BEGIN EXERCISE DATA
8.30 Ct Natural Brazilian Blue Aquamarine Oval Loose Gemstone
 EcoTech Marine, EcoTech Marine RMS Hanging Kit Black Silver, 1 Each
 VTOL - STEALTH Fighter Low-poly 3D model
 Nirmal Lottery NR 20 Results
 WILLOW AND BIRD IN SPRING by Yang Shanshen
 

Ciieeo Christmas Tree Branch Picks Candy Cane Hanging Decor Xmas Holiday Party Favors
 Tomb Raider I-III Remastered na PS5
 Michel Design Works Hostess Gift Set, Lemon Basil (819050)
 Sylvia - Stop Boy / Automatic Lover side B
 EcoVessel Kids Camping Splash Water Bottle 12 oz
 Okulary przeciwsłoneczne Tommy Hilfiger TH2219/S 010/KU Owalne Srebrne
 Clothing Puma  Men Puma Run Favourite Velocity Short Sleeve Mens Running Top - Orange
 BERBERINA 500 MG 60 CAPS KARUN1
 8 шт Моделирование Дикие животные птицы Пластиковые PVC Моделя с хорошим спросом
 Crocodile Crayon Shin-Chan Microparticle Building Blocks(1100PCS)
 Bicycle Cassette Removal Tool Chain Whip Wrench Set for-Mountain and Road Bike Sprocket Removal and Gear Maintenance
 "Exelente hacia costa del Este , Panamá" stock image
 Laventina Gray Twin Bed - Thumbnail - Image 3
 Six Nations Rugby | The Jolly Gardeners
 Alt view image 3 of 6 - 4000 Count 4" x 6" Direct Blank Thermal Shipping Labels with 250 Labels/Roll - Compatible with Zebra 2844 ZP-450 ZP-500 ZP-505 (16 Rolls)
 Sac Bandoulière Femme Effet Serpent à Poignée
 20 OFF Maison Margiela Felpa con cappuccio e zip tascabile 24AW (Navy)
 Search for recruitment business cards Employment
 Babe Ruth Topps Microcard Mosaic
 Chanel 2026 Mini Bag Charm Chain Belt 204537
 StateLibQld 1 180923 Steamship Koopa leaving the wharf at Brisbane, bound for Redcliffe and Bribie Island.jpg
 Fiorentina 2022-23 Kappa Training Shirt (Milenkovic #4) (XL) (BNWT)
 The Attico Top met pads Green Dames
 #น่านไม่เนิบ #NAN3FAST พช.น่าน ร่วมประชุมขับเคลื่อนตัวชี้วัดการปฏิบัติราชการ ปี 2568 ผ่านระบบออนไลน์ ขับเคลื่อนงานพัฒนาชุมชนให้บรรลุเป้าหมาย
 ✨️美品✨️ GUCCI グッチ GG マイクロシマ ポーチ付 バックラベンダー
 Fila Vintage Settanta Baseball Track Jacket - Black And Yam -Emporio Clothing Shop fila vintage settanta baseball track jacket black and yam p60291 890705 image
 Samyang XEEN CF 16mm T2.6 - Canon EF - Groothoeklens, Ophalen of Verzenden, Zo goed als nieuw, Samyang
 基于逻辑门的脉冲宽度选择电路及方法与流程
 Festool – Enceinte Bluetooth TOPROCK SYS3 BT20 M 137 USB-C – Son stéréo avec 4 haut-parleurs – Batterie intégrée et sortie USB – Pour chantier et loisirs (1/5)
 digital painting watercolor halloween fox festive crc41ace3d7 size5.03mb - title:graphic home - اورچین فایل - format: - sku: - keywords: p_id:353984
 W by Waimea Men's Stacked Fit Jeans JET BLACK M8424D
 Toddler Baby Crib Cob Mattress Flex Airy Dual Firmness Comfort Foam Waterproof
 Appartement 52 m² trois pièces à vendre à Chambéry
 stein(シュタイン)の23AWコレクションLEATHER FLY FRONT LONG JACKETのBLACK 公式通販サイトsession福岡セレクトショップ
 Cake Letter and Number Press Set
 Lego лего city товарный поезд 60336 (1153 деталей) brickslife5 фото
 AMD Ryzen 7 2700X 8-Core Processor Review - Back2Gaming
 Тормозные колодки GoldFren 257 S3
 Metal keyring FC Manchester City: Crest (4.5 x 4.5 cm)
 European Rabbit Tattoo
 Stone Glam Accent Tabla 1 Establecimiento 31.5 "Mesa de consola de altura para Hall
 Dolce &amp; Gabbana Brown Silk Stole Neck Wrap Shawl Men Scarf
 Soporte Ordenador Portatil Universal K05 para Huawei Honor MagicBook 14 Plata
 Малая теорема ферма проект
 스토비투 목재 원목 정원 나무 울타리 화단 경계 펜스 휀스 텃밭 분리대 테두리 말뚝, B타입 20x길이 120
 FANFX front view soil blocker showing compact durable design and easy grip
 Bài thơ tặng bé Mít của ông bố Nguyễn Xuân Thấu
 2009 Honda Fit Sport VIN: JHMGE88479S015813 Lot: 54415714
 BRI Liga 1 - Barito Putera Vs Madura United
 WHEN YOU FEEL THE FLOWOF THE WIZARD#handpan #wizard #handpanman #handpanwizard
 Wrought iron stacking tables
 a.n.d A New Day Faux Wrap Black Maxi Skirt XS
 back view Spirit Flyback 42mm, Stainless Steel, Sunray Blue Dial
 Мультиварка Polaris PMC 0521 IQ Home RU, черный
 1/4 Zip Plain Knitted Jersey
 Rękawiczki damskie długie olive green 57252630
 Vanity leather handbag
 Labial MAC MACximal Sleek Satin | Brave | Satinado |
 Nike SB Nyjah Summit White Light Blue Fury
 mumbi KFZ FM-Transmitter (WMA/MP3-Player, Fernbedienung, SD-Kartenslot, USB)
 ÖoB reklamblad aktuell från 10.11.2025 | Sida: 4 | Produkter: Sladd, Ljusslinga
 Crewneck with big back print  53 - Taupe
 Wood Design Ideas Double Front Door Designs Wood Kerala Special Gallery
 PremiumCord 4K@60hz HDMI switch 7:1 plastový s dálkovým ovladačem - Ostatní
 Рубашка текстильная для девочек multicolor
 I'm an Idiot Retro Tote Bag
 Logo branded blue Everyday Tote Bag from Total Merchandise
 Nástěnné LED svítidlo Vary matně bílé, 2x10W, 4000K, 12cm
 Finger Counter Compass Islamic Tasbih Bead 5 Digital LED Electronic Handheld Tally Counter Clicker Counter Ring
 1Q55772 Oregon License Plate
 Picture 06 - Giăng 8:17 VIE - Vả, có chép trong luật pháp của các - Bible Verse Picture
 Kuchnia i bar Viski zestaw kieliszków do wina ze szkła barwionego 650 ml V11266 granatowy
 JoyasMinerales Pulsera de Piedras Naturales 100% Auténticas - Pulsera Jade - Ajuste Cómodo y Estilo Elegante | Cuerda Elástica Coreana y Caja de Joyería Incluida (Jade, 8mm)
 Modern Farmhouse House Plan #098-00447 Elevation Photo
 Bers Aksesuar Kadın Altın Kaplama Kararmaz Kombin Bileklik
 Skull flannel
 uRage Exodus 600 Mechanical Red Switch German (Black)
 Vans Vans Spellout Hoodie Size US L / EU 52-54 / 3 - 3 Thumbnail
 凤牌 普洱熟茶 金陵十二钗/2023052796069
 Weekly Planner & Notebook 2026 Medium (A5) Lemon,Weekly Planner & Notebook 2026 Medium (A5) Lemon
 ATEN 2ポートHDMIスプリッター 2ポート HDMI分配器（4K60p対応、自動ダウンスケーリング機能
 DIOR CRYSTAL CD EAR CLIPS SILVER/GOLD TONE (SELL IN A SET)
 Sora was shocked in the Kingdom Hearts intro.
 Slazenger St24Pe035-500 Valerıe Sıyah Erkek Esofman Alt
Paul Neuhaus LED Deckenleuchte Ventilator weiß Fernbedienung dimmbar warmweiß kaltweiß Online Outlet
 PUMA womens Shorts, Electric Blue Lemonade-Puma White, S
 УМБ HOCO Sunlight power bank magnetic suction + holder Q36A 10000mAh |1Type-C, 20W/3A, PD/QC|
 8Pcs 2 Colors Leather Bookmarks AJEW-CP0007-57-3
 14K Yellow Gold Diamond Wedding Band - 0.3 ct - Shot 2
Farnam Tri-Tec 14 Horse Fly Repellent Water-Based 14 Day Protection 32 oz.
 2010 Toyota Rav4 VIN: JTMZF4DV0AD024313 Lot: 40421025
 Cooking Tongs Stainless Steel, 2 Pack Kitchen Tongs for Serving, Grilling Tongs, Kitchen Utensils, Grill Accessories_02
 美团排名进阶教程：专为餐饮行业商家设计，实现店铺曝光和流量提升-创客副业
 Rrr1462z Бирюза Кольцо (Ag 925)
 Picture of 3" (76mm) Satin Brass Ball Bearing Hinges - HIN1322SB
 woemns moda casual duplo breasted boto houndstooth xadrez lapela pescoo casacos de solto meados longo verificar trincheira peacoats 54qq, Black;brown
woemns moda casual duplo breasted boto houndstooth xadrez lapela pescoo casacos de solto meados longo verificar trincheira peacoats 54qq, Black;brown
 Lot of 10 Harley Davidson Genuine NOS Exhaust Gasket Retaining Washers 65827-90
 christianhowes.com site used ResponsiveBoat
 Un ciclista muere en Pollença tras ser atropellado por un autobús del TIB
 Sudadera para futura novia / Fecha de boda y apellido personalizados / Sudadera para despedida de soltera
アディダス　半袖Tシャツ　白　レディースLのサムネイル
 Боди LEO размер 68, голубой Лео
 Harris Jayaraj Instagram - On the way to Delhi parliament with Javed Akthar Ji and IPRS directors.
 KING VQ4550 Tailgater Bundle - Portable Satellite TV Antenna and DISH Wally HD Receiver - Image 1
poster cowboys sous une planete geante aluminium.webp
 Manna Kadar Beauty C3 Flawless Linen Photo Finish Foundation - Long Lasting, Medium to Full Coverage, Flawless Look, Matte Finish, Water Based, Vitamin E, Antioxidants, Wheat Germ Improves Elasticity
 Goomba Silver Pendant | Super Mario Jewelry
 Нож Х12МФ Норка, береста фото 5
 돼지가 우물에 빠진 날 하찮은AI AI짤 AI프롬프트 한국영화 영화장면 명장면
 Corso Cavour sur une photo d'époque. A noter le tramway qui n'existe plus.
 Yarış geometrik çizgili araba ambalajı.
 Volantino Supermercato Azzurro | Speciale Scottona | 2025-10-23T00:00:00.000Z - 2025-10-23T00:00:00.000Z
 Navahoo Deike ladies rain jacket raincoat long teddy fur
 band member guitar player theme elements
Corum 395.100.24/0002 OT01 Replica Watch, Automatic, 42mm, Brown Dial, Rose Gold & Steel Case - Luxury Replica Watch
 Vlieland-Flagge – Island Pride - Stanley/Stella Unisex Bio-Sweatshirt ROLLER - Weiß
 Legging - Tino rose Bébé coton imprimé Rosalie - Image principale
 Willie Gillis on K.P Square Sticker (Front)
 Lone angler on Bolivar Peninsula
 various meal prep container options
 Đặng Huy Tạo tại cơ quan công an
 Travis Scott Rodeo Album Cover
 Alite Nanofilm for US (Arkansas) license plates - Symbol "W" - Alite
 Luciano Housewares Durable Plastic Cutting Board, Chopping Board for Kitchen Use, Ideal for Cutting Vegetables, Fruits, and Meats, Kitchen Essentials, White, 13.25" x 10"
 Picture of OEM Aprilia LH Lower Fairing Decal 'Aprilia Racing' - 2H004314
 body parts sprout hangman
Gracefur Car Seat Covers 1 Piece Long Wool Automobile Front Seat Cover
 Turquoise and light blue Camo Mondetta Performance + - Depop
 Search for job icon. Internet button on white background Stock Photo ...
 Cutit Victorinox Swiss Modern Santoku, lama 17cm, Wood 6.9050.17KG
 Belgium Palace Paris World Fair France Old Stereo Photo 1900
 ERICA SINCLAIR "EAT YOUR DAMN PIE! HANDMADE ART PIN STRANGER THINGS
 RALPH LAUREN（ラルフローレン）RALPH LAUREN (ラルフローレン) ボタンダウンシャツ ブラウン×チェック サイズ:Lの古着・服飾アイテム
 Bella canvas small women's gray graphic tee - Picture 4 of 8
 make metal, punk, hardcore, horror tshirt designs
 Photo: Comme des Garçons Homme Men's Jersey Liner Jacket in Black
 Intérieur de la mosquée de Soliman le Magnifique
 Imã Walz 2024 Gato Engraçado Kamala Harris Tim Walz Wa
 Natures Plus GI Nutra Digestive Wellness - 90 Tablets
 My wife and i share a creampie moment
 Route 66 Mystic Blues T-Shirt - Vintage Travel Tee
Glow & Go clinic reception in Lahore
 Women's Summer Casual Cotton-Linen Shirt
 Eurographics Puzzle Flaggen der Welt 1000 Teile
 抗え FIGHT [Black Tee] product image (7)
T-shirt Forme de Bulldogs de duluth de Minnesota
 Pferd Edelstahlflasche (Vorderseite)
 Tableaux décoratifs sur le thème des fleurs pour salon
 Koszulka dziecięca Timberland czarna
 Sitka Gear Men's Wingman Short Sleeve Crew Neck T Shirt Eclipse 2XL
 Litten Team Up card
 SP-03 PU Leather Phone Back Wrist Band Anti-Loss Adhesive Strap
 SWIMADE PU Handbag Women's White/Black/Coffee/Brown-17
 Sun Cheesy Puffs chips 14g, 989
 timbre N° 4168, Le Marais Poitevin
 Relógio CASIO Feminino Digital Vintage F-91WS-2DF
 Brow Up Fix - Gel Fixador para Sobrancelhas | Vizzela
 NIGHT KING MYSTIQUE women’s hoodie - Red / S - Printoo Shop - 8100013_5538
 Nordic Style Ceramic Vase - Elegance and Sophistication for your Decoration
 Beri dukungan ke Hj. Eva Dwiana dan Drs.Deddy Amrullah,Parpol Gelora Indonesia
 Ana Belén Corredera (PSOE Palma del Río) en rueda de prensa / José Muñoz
END EXERCISE DATA
_WHAT IS NEEDED_
Locate the line with "Relógio CASIO Feminino" in the entries above; extract it and every line after it, verbatim.

_ANSWER TO THIS PROBLEM_
 Relógio CASIO Feminino Digital Vintage F-91WS-2DF
 Brow Up Fix - Gel Fixador para Sobrancelhas | Vizzela
 NIGHT KING MYSTIQUE women’s hoodie - Red / S - Printoo Shop - 8100013_5538
 Nordic Style Ceramic Vase - Elegance and Sophistication for your Decoration
 Beri dukungan ke Hj. Eva Dwiana dan Drs.Deddy Amrullah,Parpol Gelora Indonesia
 Ana Belén Corredera (PSOE Palma del Río) en rueda de prensa / José Muñoz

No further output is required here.